(Filed 12 December, 1945.)
Contracts § 5 —
There is no consideration for a promise to reimburse plaintiff for injuries suffered by her, when plaintiff saved defendant from serious injury or death by interposing herself between defendant and his assailant in a fight.
APPEAL by plaintiff from Olive, Special Judge, at May, 1945, Civil Term, of RICHMOND.
George S. Steele, Jr., for plaintiff, appellant.
No counsel contra.
The plaintiff in this case sought to recover of the defendant upon a promise made by him under the following peculiar circumstances:
The defendant had assaulted his wife, who took refuge in plaintiff's house. The next day the defendant gained access to the house and began another assault upon his wife. The defendant's wife knocked him down with an axe, and was on the point of cutting his head open or decapitating him while he was laying on the floor, and the plaintiff intervened, caught the axe as it was descending, and the blow intended for defendant fell upon her hand, mutilating it badly, but saving defendant's life.
Subsequently, defendant orally promised to pay the plaintiff her damages; but, after paying a small sum, failed to pay anything more.

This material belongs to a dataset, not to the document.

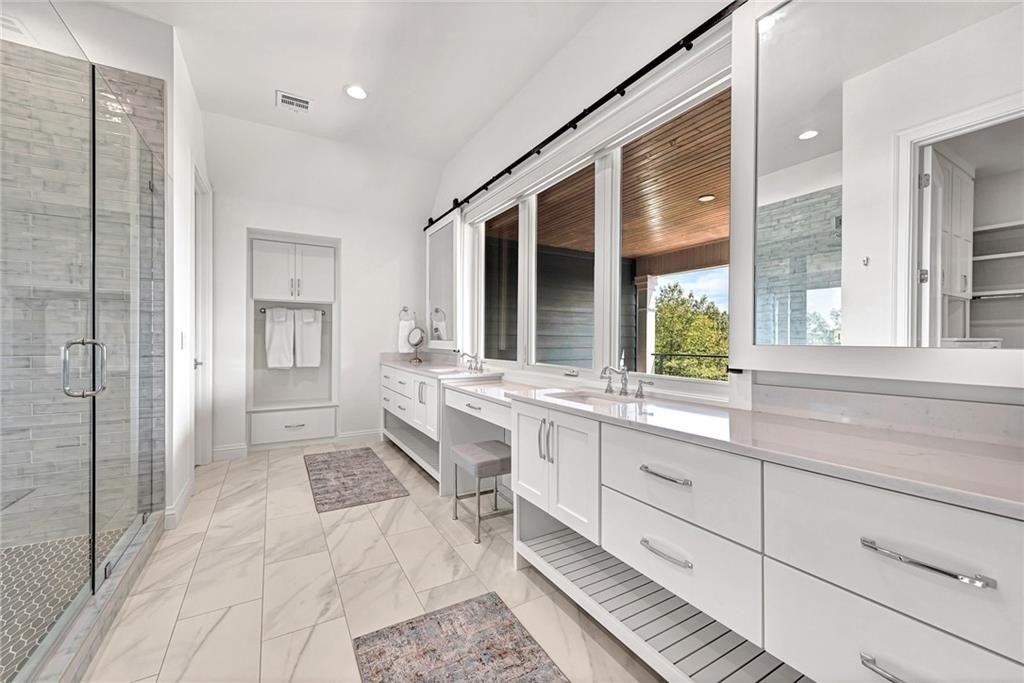 9966 Old Campbell Road Home in Rogers, Arkansas. Prepare to be captivated by this extraordinary 5-bedroom, 6.5-bathroom, 8,321 sqft estate, nestled on 6 acres in Rogers. It includes ownership of TWO slips in a co-owned boat dock, granting exclusive access to pristine Beaver Lake.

So, substantially, states the complaint.
The defendant demurred to the complaint as not stating a cause of action, and the demurrer was sustained. Plaintiff appealed.
The question presented is whether there was a consideration recognized by our law as sufficient to support the promise. The Court is of the opinion that however much the defendant should be impelled by common gratitude to alleviate the plaintiff's misfortune, a humanitarian act of this kind, voluntarily performed, is not such consideration as would entitle her to recover at law.